Assigned task |
Output all entries exactly; images excluded.

- - -

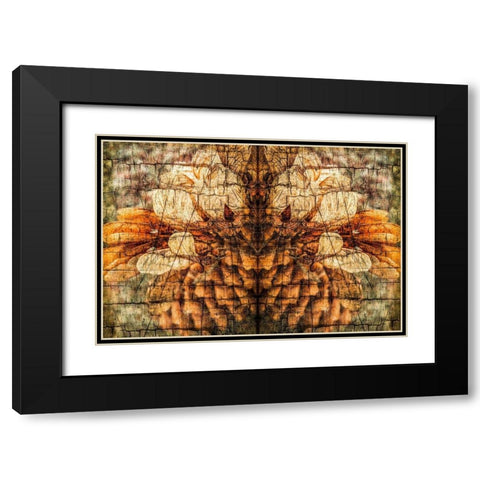 Autumnal Spirit I Black Modern Wood Framed Art Print with Double Matting by Vincze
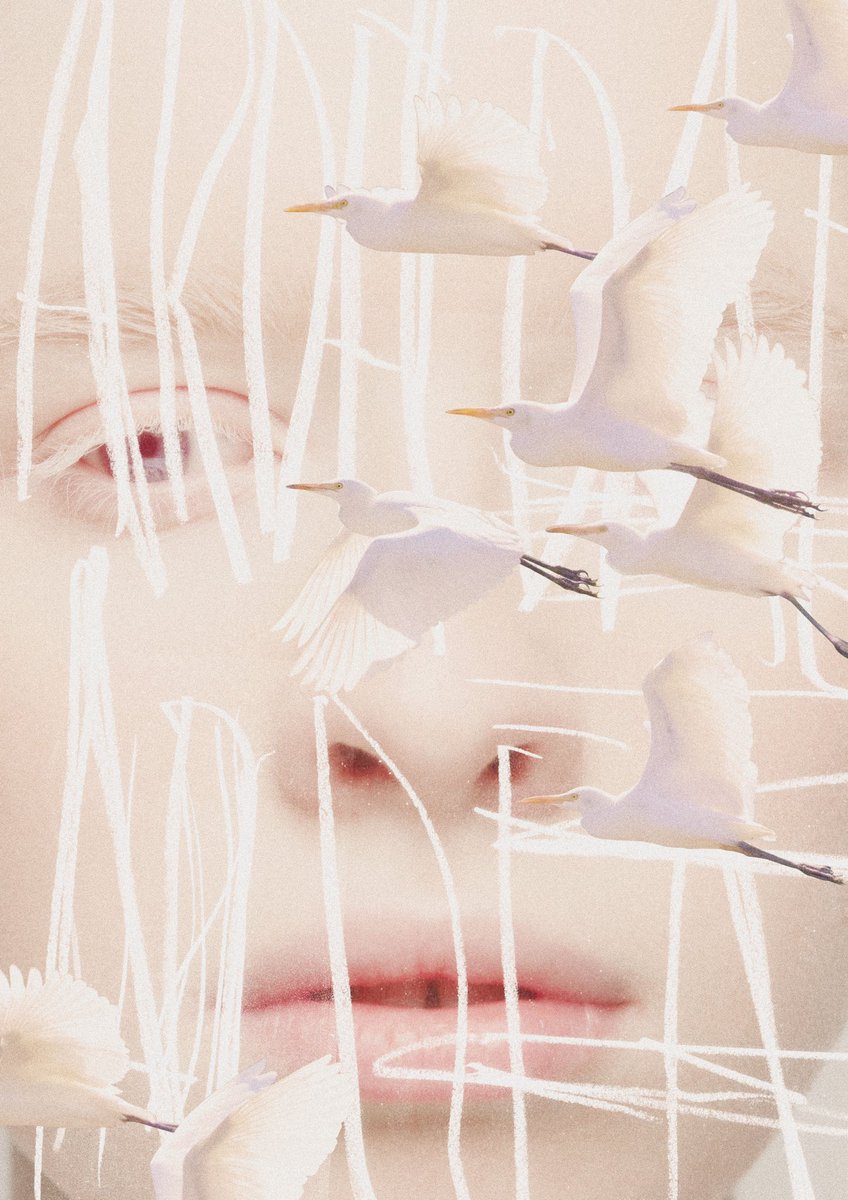 「【鷺 / Ardeidae Ardea】

#コラージュ #コラージュアート #」|マツムラアキラのイラスト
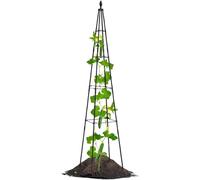 Petit Tuteur pour plantes en pot, structure support pour plantes en pot | Structure de support pour fleurs légumes et jardin intérieur extérieur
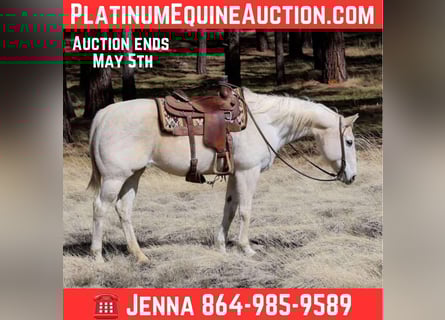 American Quarter Horse, Merrie, 15 Jaar, 152 cm, Schimmel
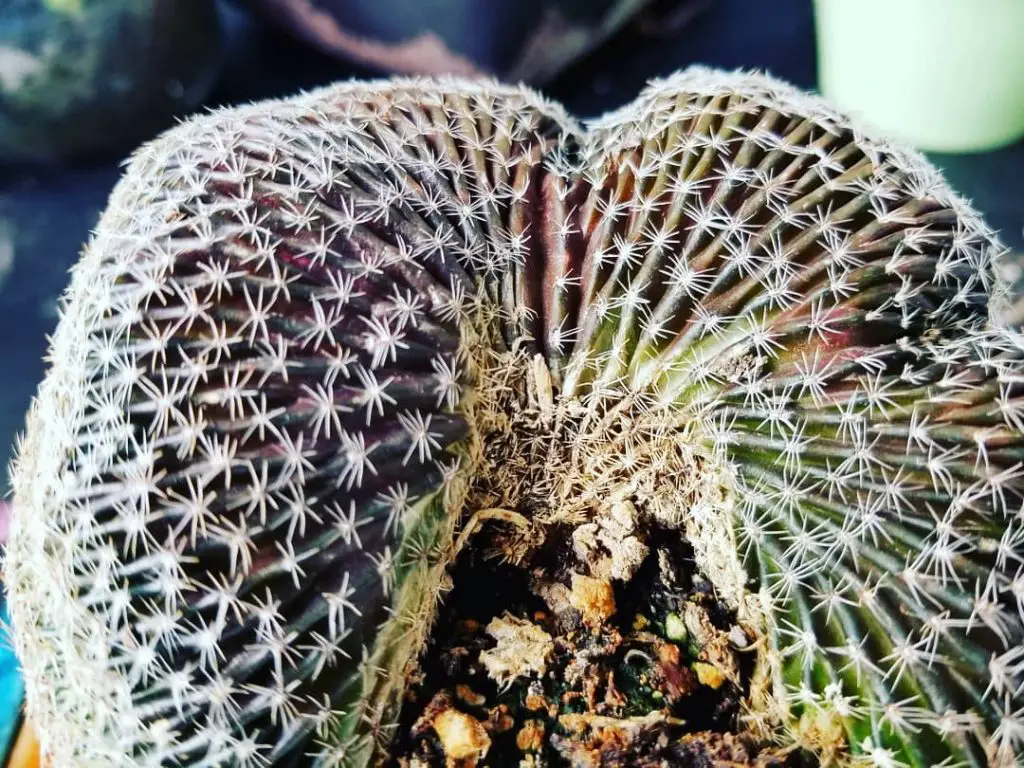 9 cactus raros para valientes coleccionistas de cactus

- - -

Exercise result |
 Autumnal Spirit I Black Modern Wood Framed Art Print with Double Matting by Vincze
 「【鷺 / Ardeidae Ardea】

#コラージュ #コラージュアート #」|マツムラアキラのイラスト
 Petit Tuteur pour plantes en pot, structure support pour plantes en pot | Structure de support pour fleurs légumes et jardin intérieur extérieur
 American Quarter Horse, Merrie, 15 Jaar, 152 cm, Schimmel
 9 cactus raros para valientes coleccionistas de cactus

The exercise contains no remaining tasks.